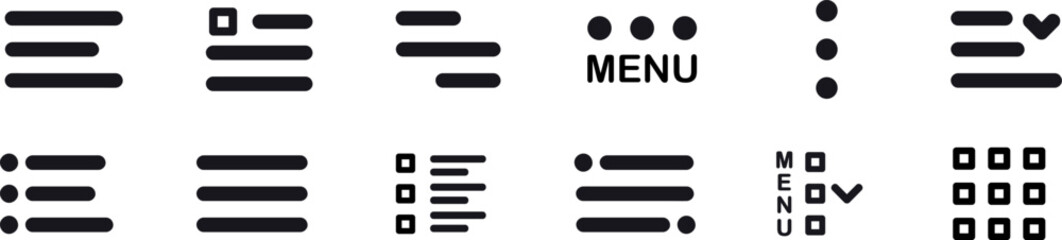 Aufkleber - Set of black menu buttons for website UI navigation. Hamburger web and mobile app menu icons. Burger menu UI design elements button. Set of modern navigation buttons or Web menu and ui icons set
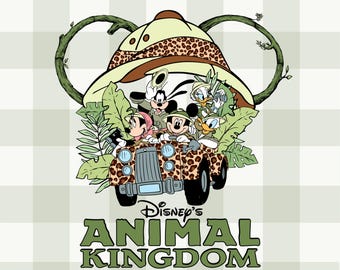 Animal Kingdom PNG Bundle, Safari Urlaub Shirt Design, Leopard Maus und Freunde Clipart, Let's Get Wild PNG Sublimation, Instant Download
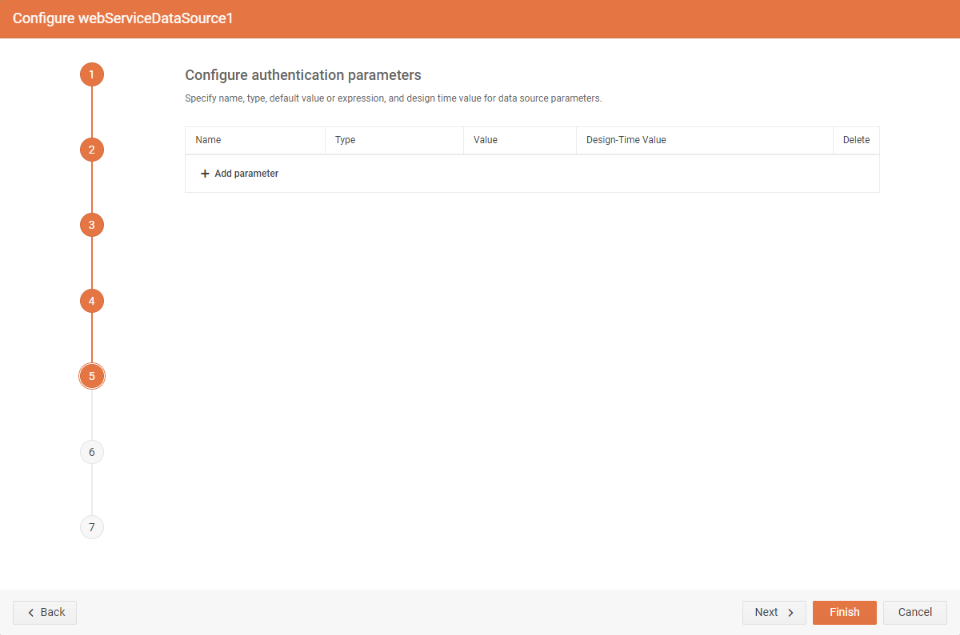 An image of the fifth step of the WebServiceDataSource Wizard in the Telerik Web Report Designer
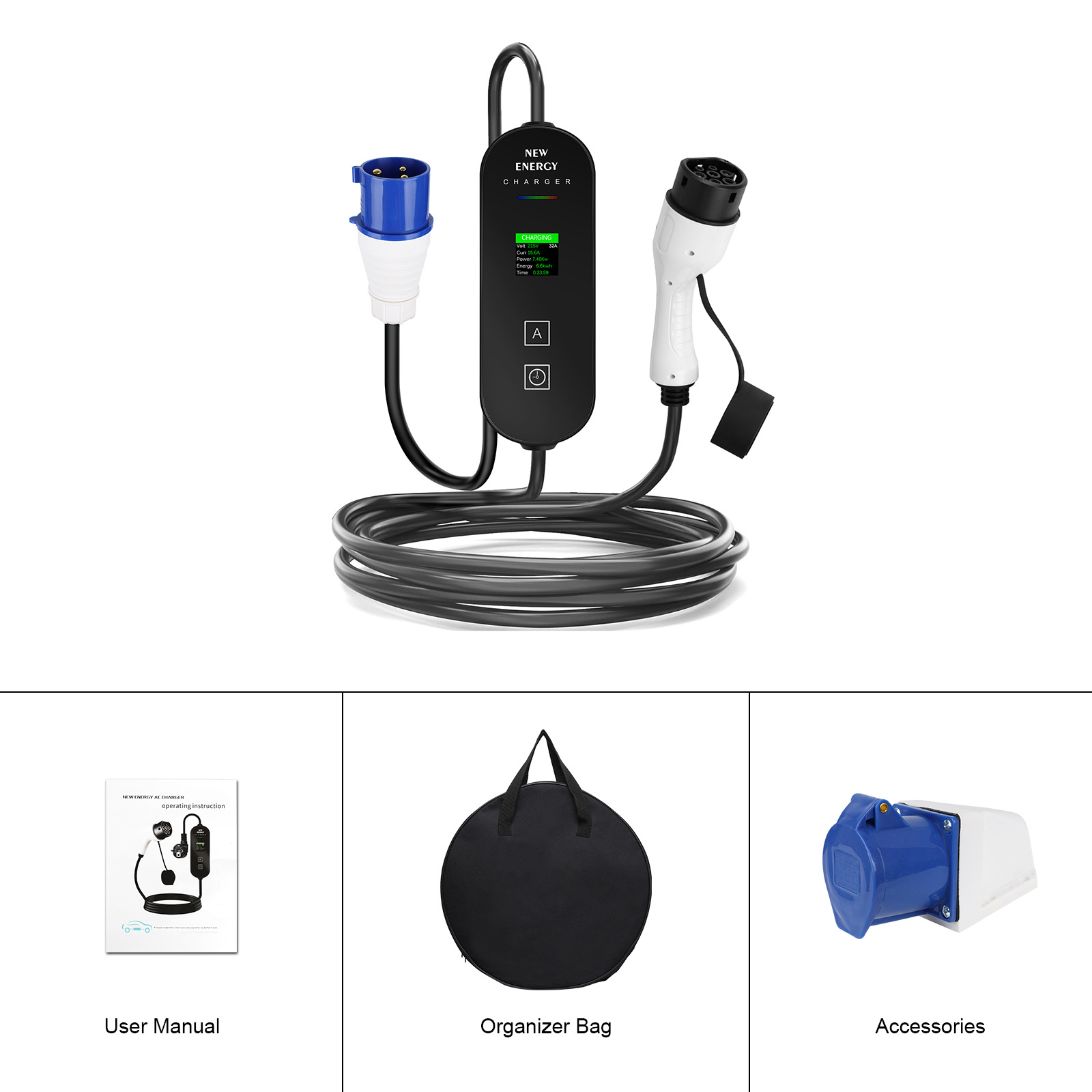 EU/UK Plug CEE 32A/16A Portabl - Portable Ev Charger 32A Type 2 Cee Plug 评论和价格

Task requirements:
The material should be returned verbatim, with all images omitted.

Solution to the problem:
 Aufkleber - Set of black menu buttons for website UI navigation. Hamburger web and mobile app menu icons. Burger menu UI design elements button. Set of modern navigation buttons or Web menu and ui icons set
 Animal Kingdom PNG Bundle, Safari Urlaub Shirt Design, Leopard Maus und Freunde Clipart, Let's Get Wild PNG Sublimation, Instant Download
 An image of the fifth step of the WebServiceDataSource Wizard in the Telerik Web Report Designer
 EU/UK Plug CEE 32A/16A Portabl - Portable Ev Charger 32A Type 2 Cee Plug 评论和价格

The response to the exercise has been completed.